Home > Over ons > Blogs > Karin vertelt over haar rouw en het nu….

Karin vertelt over haar rouw en het nu….

3 weken na de uitvaart, van haar plots overleden man Elbert Raadsen, zit ik op vrijdagmiddag 23 feruari bij Karin aan tafel voor ons nagesprek: zijn er nog vragen die ze heeft, wil ze dankkaartjes sturen, hoe kijkt ze terug op het afscheid maar vooral …. hoe is het nu met haar?


Ik luister naar haar, hoe zij haar verdriet heeft, ze vertelt over de momenten dat ze huilt, de gesprekken met haar 3 volwassen kinderen maar ook hoe zij heel bewust haar leven inricht nu, zij is nu hier op aarde en haar Elbert is uit de tijd gevallen …

Ik vind dat ze dit zo mooi omschrijft en vooral hoe ze omgaat met haar rouw. Ik vraag het haar op te schrijven voor andere rouwenden, misschien kunnen die er iets aan hebben want het is écht arbeid verrichten (zoals Manu Keisre het zo mooi omschrijft).

Diezelfde avond nog zet ze haar gedachtes op papier.

Ik wil ze heel graag (met toestemming van Karin uiteraard) met jullie delen.

rouw

Als iemand sterft dan is dat voor ons levende achterblijvers iets onvoorstelbaars.
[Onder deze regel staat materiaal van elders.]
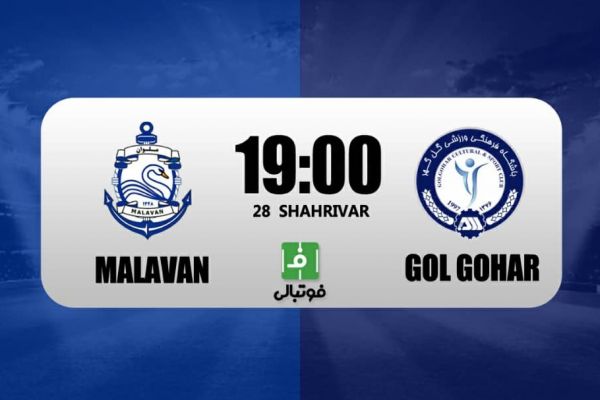 پیشبازی ملوان - گلگهر؛ ببر و بالانشین باش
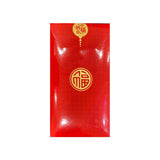 24K Red Envelope - Year of the Pig -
In ieder geval heb ik dat zo ervaren alle keren dat er een naaste stierf.
Nee! was vaak een eerste reactie. Ik hoor het me nog zeggen toen ik 27 jaar geleden een telefoontje kreeg dat mijn jonge vader plots was overleden aan een hartstilstand.
Ik heb in die 27 jaar als mens en filosoof niet stilgezeten, ook niet in mijn hoofd.
Ik las en schreef over de dood. Ik praatte er met anderen over.
Eén van mijn denk-vaders is Seneca. Een stoïcijnse filosoof uit de tijd van het Romeinse rijk van Nero.
Vroeger, toen ik 16 was, las ik deze uitspraak van Seneca: “ik ben niet bang voor de dood, want, als ik er ben is de dood er niet en als de dood er is ben ik er niet.”
Wat overblijft in deze tweedeling van dood/niet dood is wat daar t u s s e n ligt.
Het lijden, de angst en niet te vergeten de dood van de ander.
Als jouw aller geliefde sterft, dan sterft er een stukje van jou, zo zie ik dat tenminste. Je zit in de liefde op de een of andere manier aan elkaar vast tot de dood je scheidt.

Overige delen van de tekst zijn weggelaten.